The chargesheet for the Stephen Court blaze has brought into focus not just the stiff legal clause slapped on the six accused but also police failure to trace four of them for close to three months.

The decision not to pin any part of the blame for the blaze that claimed 43 lives on the official owner of the building or the management committees responsible for its maintenance will also come under scrutiny, legal experts said.

The police claimed repeated attempts to nab the three directors of Stephen Court Ltd have drawn a blank and they are banking on a legal recourse to bring Sanjay Bagaria, Sushil Kumar Sureka and Pradip Kumar More to book (see box).

The trio — along with caretaker Tarun Bagadia, his assistant Ramashankar Singh and liftman Jaiprakash Singh — have been charged with culpable homicide not amounting to murder. Tarun and Ramashankar were arrested the day after the blaze but Jaiprakash is still at large.

The police have, however, not clarified the role or the culpability of the owner of 18A Park Street. According to the will of Peter Earnest Charles Paul of 1919, the then Official Trustee of Bengal became the owner of the Stephen Court property. Today, the Official Trustee of West Bengal owns the building but claims that it is a “passive owner” with only rent receiving interest.

But can that absolve the owner of the responsibility of seeing if its property is being properly maintained by the lessee, Stephen Court Ltd? Legal experts said it cannot but there were no clear answers from the police.

Also, all four blocks of the building had committees comprising residents to monitor its maintenance. Why did they allow Stephen Court to be reduced to a tinderbox? “Ambiguous ownership and the maze of leases and sub-leases could have contributed to the poor maintenance,” said a cop.

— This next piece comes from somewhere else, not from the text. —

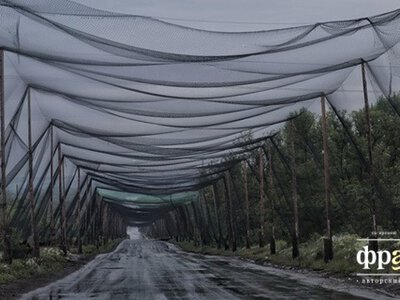 На Волыни установят антидроновые сетки возле границы с Беларусью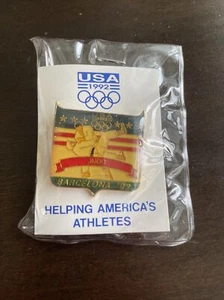 Team USA '92 Barcelona Spain Olympic Judo Team Pin. Vintage. - New - Picture 1 of 2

Sleuths claimed to have done an “elaborate job” before filing the chargesheet, which has named 196 witnesses. The probe team comprising five inspectors and sub-inspectors and three assistant commissioners was split under three heads — place of occurrence, body disposal and documentary evidence.

“Documentary evidence traced the ownership tangle that led to the three directors who are the ultimate beneficiaries of the building. Under ‘place of occurrence’ we looked into the complicity of employees of Stephen Court Ltd and how neglect or mismanagement of the building resulted in the loss of so many lives,” said a sleuth.